“If so, Nicholas, be sure that Time will right it.”
“It will mean an extra eight-eighty on my pay check, anyhow,” said the youngest reporter.
“Didn’t I tell you, Nicholas?” asked Doctor Trigg.
“You tell me so much!” exploded Doctor Sims wrathfully.
When everyone woke up to their second Monday, there was a feeling that something out of the ordinary ought to happen to celebrate it. But the extra day went serenely on its way, with what Doctor Sims called “an ostentatious lack of incident.”
Whenever they were at liberty David and Red pored over the plans of David’s invention, and talked about it with technical abandon. David did not undervalue Red’s help, and it depressed his just and generous heart to think that they could not benefit together on the invention, but to secure the patent, manufacture and put it on the market would take more thousands of dollars than both boys would possess in the next twenty years.
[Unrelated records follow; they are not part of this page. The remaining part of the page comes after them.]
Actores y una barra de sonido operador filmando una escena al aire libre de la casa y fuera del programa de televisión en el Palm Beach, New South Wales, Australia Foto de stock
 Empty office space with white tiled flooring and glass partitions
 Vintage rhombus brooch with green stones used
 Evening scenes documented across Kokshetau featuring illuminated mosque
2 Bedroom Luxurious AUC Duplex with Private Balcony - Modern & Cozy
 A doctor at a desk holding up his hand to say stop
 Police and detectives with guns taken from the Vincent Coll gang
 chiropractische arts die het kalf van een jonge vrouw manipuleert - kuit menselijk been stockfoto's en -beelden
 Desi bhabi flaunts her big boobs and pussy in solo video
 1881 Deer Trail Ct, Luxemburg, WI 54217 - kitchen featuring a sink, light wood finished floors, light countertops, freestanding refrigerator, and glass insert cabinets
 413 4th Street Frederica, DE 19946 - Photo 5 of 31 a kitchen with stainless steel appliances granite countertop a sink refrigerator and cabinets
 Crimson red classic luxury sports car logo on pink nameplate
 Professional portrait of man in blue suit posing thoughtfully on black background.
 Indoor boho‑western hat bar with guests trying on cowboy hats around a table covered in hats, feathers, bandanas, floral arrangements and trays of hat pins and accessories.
David was faced by the conditions that discourage effort in so many young inventors. Usually their sessions were broken up by Red’s furious demand of fate to know why the barren farm in Oklahoma, only twenty miles from Wally’s gushers, remained stubbornly dry. Twice had the Ryans, pooling their meager resources, drilled down, never even reaching sand.
David did not wish to mention his invention to Mr. Hammond until he had put it up for the prize at the Goodlow School. He did not know that Dulcie had spoken to her father about it. However, Mr. Hammond respected his reticence, and asked no questions.
Late on that queer second Monday, Red met Dulcie in the control room.
“I hear you have bespoken a new chauffeur, Miss Hammond,” he said quizzically. “I wonder you didn’t offer me the job.”